Under the deal, Alliance will acquire all the issued share capital of Tawana Resources at 1.10 Alliance share for each Tawana share.
Once the merger is complete, Tawana will become a wholly owned subsidiary of Alliance. Existing Alliance shareholders will own about 51 per cent of the merged entity, existing Tawana shareholders the rest.
The merger is expected to be completed by the fourth quarter.
Alliance and Tawana are equal partners in the Bald Hill project in Western Australia so the merged entity will own 100 per cent of this project, which is expected to start producing lithium concentrate this month.
Lithium is a sought-after metal for manufacturing long-life batteries that power up electric vehicles and consumer electronics devices.
Alliance said in a disclosure that the merger will simplify the ownership and operational management of the Bald Hill project.

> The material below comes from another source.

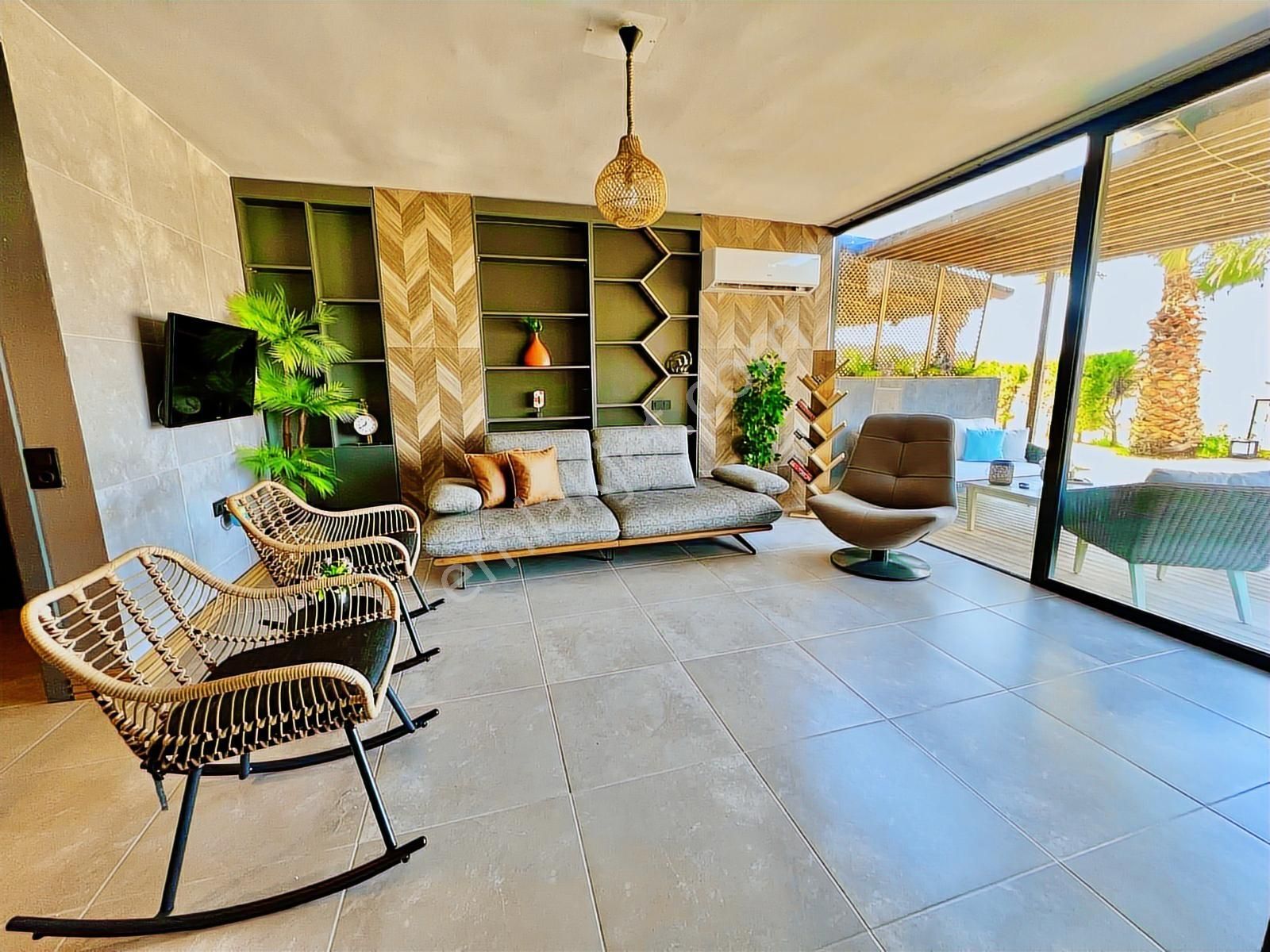 Milas Meşelikte Satılık Göl Manzaralı 2+1 Rezidans - Görsel 13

Its directors have unanimously recommended shareholders back the merger.
Alliance's substantial shareholder, Burwill Holdings, which holds 14.1 per cent of Alliance's issued share capital, has also entered into a binding agreement to vote in favour of the merger.
The planned merger has drawn support from Tawana directors, Alliance's shareholders holding about 20.4 per cent of the company, and Tawana's shareholders holding about 32.6 per cent of that firm.
Alliance and Tawana have lined up separate equity raising exercises on the back of the planned merger.
Alliance aims to raise gross proceeds of A$25 million from a fully underwritten placement to sophisticated and institutional investors.
It also plans to raise A$7.8 million in gross proceeds from a non-underwritten placement to Burwill.
Tawana has lined up a fully underwritten placement to raise A$20 million from professional investors.
It has also reserved the right to place up to a further A$5 million on a non-underwritten basis.
Proceeds from these placements will go to fund additional working capital needs and to enable continued production in the Bald Hill project.